Sonrióse Courtin, y repuso:

—Cierto, desde ayer estoy de desgracia; pero ¡qué diablo!, caminemos y no corramos, que quien menos corre vuela, y por más infructuosos que en cuanto al resultado inmediato han sido mis pasos de hoy, valen, cuando menos, veinte mil libras.

—¿Estáis seguro de lo que decís?

—Sí, y la prueba es que ya tengo algo.

—¿Qué?

—Esto —repuso Courtin, enseñando la esquela que había abierto y leído.

—¿Una esquela? ¿Y qué dice? —preguntó el de la manta, alargando el brazo, para apoderarse del escrito.

—No, la leeremos juntos, pues debo guardármela yo para llevarla a su destino.

—Veamos —dijo el hombre.

Aproximáronse ambos al farol y leyeron:

Servíos pasar a mi lado cuanto antes. Ya sabéis las señas.

Vuestro afectísimo,

Pedrito

—¿A quién va dirigida esta carta?

—A la señorita Berta de Souday.

—No veo su nombre en el sobre ni al pie del escrito.
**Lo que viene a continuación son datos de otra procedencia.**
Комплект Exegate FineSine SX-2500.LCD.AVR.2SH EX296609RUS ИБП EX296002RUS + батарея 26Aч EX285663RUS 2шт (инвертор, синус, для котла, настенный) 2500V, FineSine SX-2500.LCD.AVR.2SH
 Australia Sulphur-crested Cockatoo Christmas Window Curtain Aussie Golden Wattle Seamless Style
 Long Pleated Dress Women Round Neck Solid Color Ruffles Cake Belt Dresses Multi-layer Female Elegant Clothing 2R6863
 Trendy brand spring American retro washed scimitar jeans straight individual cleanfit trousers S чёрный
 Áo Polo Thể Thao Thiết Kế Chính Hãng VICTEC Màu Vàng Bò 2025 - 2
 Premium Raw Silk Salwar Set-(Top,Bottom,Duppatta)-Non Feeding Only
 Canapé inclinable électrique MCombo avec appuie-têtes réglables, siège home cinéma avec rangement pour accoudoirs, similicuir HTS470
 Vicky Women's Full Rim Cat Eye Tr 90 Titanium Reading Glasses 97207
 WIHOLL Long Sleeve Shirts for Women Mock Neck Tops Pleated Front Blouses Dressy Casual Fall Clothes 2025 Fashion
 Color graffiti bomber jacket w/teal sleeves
—Porque esa esquela puede extraviarse.

—Tenéis razón, ¿sois vos quién está encargado de entregársela?

—Sí.

El hombre examinó la esquela por segunda vez, y dijo:

—Es su misma letra.

Guardó un instante de silencio, y luego preguntó a Courtin:

—¿Cuándo os veré?

—Pasado mañana.

—¿Aquí o en el campo?

—En San Filiberto de Grandlieu, que se halla a la mitad del camino de Nantes y de mi casa.

—¿Y entonces nada me impedirá obrar como quiera?

—Os lo prometo.

—Procurad hacer honor a vuestra palabra; yo sé cumplir la mía, y aquí tenéis el dinero que no os hará esperar.

Y diciendo eso, abrió el hombre su cartera y enseñó al colono un legajo de billetes de Banco cuyo valor era de unos cien mil francos.

—¡Ah! —dijo este—, ¡papel!

—Sí, papel, pero con la firma de Garat, que es muy buena.

—No importa —replicó Courtin—, prefiero el oro.

—Bien, os pagaré en oro —dijo el otro metiéndose la cartera en el bolsillo y terciándose la manta al hombro.

Si los dos interlocutores no hubiesen estado tan preocupados en su conversación, habrían visto indudablemente que hacía dos o tres minutos les estaba escuchando un aldeano que, con el auxilio de una carreta, se había encaramado a la pared y miraba los billetes con un aire que significaba que en el puesto de Courtin no estaría tan disgustado como él y se concentraría con la firma de Garat.

—Con que, hasta pasado mañana en San Filiberto —repitió el de la manta.

—¿A qué hora?

—Al anochecer.

—Fijemos las siete: el que llegue primero aguardará al otro.

—¿Creéis que pasado mañana habremos logrado nuestro intento?

—¡Toma!, siempre es bueno creer, pues nada cuesta.

—Pasado mañana, a las siete, en San Filiberto —dijo el aldeano saltando de la pared a la calle—… No faltaré.

Y con sardónica sonrisa, agregó:

—Ya que estoy marcado… debo ganar la marca.